• **ABOUT THIS EXERCISE**: Output the data in full. Keep every entry exactly as written.

• **RECORDS FOR PROCESSING**:
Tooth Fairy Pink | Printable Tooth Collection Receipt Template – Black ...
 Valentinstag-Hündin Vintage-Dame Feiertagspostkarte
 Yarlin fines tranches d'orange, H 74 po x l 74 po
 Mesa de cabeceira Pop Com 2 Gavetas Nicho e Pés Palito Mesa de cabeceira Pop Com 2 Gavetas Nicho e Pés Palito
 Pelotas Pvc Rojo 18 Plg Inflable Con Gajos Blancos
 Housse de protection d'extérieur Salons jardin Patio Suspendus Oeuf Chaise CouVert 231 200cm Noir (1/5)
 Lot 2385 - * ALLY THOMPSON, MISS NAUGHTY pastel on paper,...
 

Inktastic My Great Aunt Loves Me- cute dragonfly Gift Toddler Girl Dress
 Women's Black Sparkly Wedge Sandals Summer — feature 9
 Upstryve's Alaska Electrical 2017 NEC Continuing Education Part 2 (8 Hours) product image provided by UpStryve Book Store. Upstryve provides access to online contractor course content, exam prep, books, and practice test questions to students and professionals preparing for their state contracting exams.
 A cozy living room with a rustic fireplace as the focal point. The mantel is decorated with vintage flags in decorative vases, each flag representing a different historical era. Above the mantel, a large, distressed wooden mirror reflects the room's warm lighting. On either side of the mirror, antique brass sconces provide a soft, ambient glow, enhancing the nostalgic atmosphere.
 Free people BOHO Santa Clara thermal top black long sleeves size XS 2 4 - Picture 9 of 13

• **OUTPUT OF THE EXERCISE**:
Tooth Fairy Pink | Printable Tooth Collection Receipt Template – Black ...
 Valentinstag-Hündin Vintage-Dame Feiertagspostkarte
 Yarlin fines tranches d'orange, H 74 po x l 74 po
 Mesa de cabeceira Pop Com 2 Gavetas Nicho e Pés Palito Mesa de cabeceira Pop Com 2 Gavetas Nicho e Pés Palito
 Pelotas Pvc Rojo 18 Plg Inflable Con Gajos Blancos
 Housse de protection d'extérieur Salons jardin Patio Suspendus Oeuf Chaise CouVert 231 200cm Noir (1/5)
 Lot 2385 - * ALLY THOMPSON, MISS NAUGHTY pastel on paper,...
 

Inktastic My Great Aunt Loves Me- cute dragonfly Gift Toddler Girl Dress
 Women's Black Sparkly Wedge Sandals Summer — feature 9
 Upstryve's Alaska Electrical 2017 NEC Continuing Education Part 2 (8 Hours) product image provided by UpStryve Book Store. Upstryve provides access to online contractor course content, exam prep, books, and practice test questions to students and professionals preparing for their state contracting exams.
 A cozy living room with a rustic fireplace as the focal point. The mantel is decorated with vintage flags in decorative vases, each flag representing a different historical era. Above the mantel, a large, distressed wooden mirror reflects the room's warm lighting. On either side of the mirror, antique brass sconces provide a soft, ambient glow, enhancing the nostalgic atmosphere.
 Free people BOHO Santa Clara thermal top black long sleeves size XS 2 4 - Picture 9 of 13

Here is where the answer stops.